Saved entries
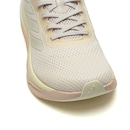 Tênis adidas Supernova Stride W - Feminino - Foto 9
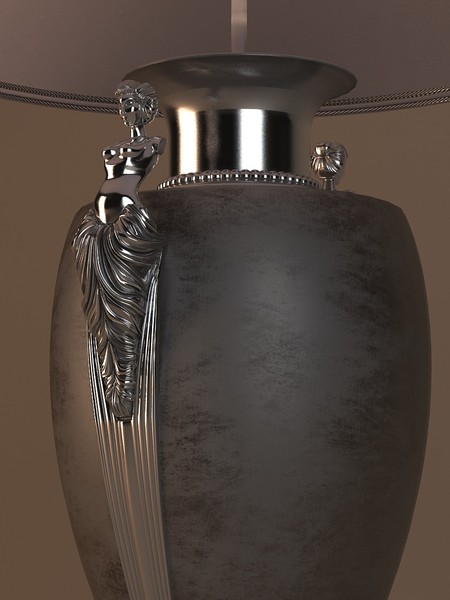 3d model sigma elle - sigma_elle_due.zip by kupfer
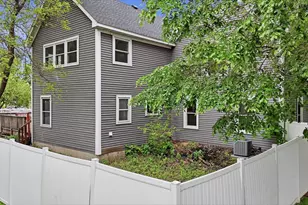 302 3rd St W, Hastings, MN 55033 - Photo 44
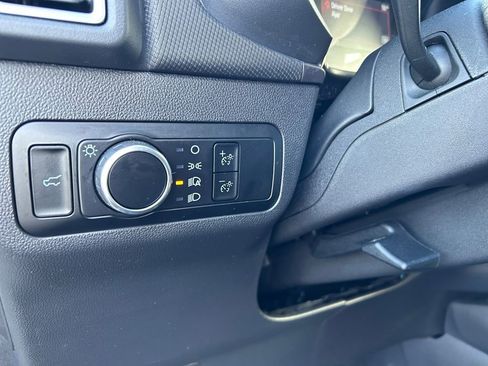 Used 2024 Ford Bronco Sport Big Bend image 21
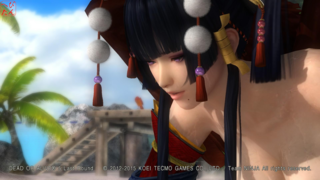 Mgsv Tpp Ep0のミッションタスクって 思っていたより簡単だった へびたんの巣穴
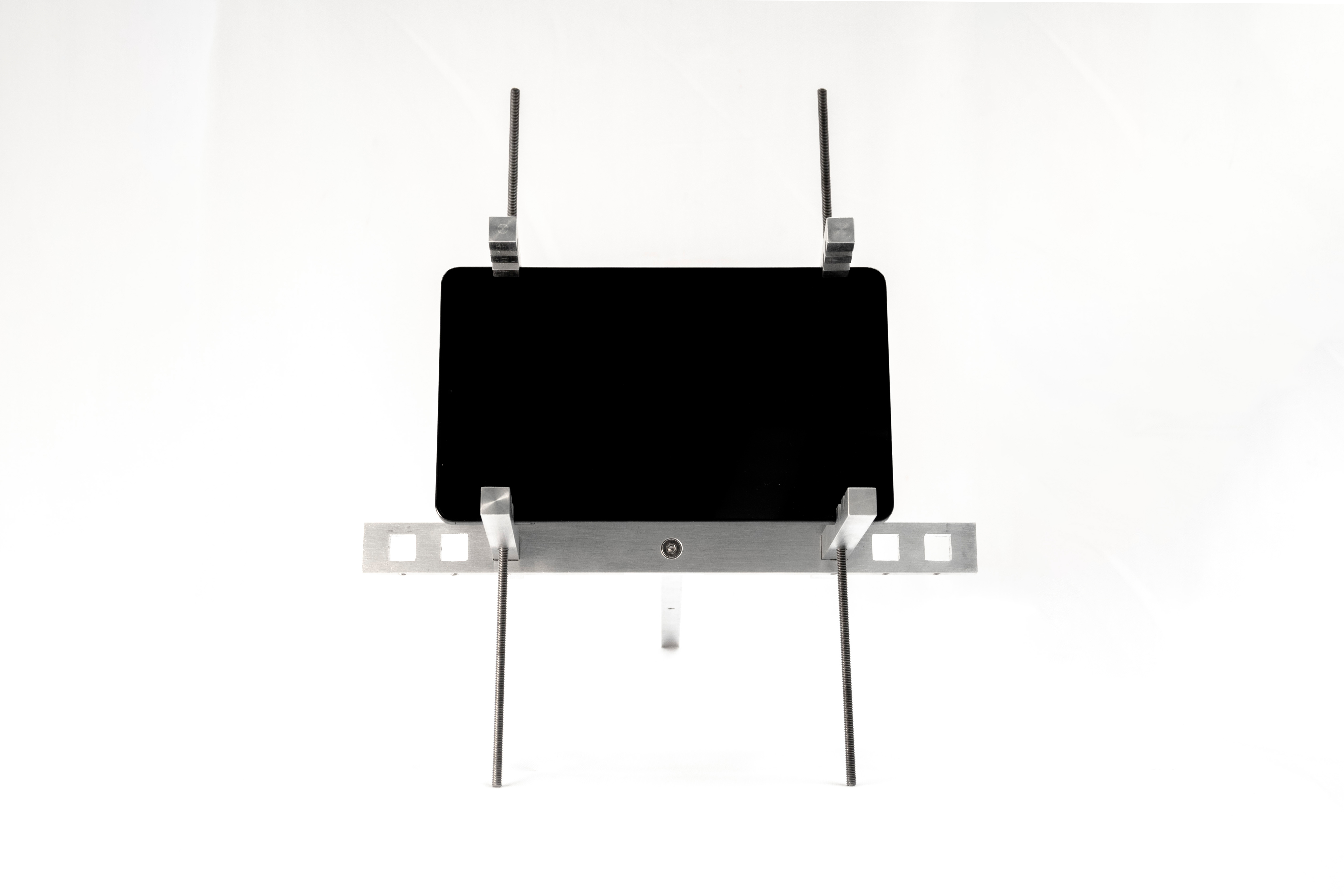 dispositivos poros — 11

## Work to complete
The entries above are to be reproduced exactly, with the pictures dropped.

## Answer to the exercise
 Tênis adidas Supernova Stride W - Feminino - Foto 9
 3d model sigma elle - sigma_elle_due.zip by kupfer
 302 3rd St W, Hastings, MN 55033 - Photo 44
 Used 2024 Ford Bronco Sport Big Bend image 21
 Mgsv Tpp Ep0のミッションタスクって 思っていたより簡単だった へびたんの巣穴
 dispositivos poros — 11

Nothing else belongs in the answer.